Important Formulas: Algebraic Expressions | Mathematics (Maths) Class 7 PDF Download

(1) The letters which are used to represent numbers are called literal numbers or literals.
(2) The literal numbers themselves as well as the combinations of literal numbers and numbers obey all the rules (and signs) of addition, subtraction, multiplication and division of numbers along with the properties of these operations.
(3) In x⁹ , 9 is called the index or exponent and x is called the base. In a⁵ , the index or exponent is 5 and the base is a.
(4) A symbol having a fixed numerical value is called a constant.
(5) A symbol which takes various numerical values is called a variable.

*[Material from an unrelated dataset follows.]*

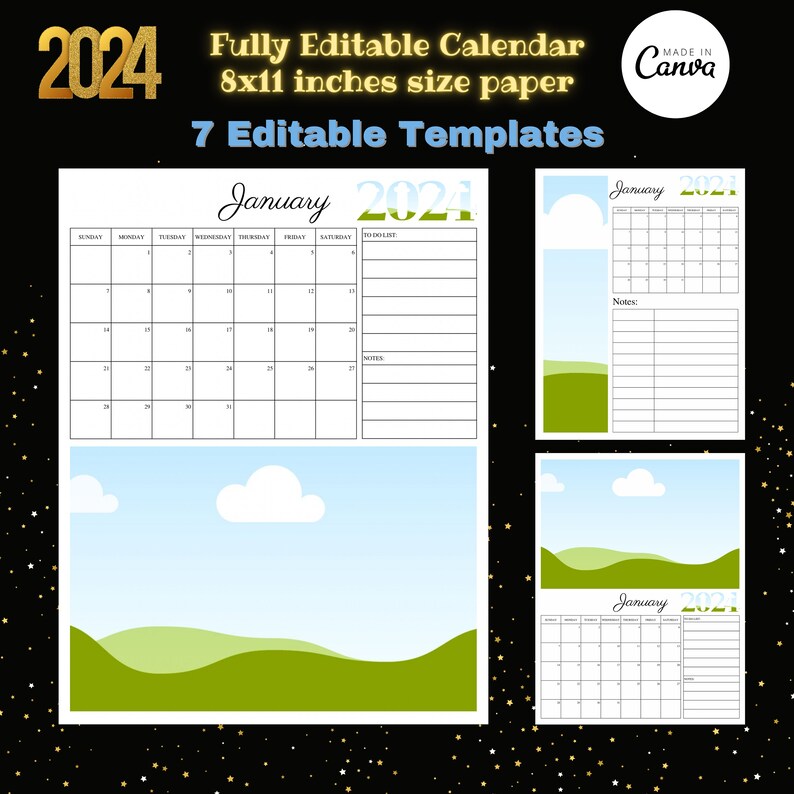 Calendario con fotos 2024 Plantilla de calendario editable Plantilla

(6) A combination of constants and variables connected by the signs of fundamental operations of addition, subtraction, multiplication and division is called an algebraic expression.
(7) Various parts of an algebraic expression which are separated by the signs of ‘+ ' or ' −' are called the terms of the expression.
(8) An algebraic expression is called a monomial, a binomial, a trinomial, a quadrinomial according as it contains one term, two terms, three terms and four terms respectively.
(9) Each term in an algebraic expression is a product of one or more number(s) and/or literal number(s). These number(s) and or literal number(s) are known as the factors of that term.
(10) A term of the expression having no literal factor is called a constant term.
(11) In a term of an algebraic expression any of the factors with the sign of the term is called the coefficient of the product of the factors.
(12) The terms having the same literal factors are called like or similar terms.
(13) The terms not having same literal factors are called unlike or dissimilar terms.
(14) The sum or difference of several like terms is another like term whose coefficient is the sum or difference of those like terms.
(15) In adding or subtracting algebraic expressions, we collect different groups of like terms and find the sum or difference of like terms in each group.
(16) To subtract an expression from another, we change the sign (from + ' to’ − ' and from ‘−' to + ) of each term of the expression to be subtracted and then add the two expressions.
(17) When a grouping symbol preceded by ' sign is removed or inserted, then the sign of each term of the corresponding expression is changed (from ' + ' to ‘− ' and from ‘− ' to + ').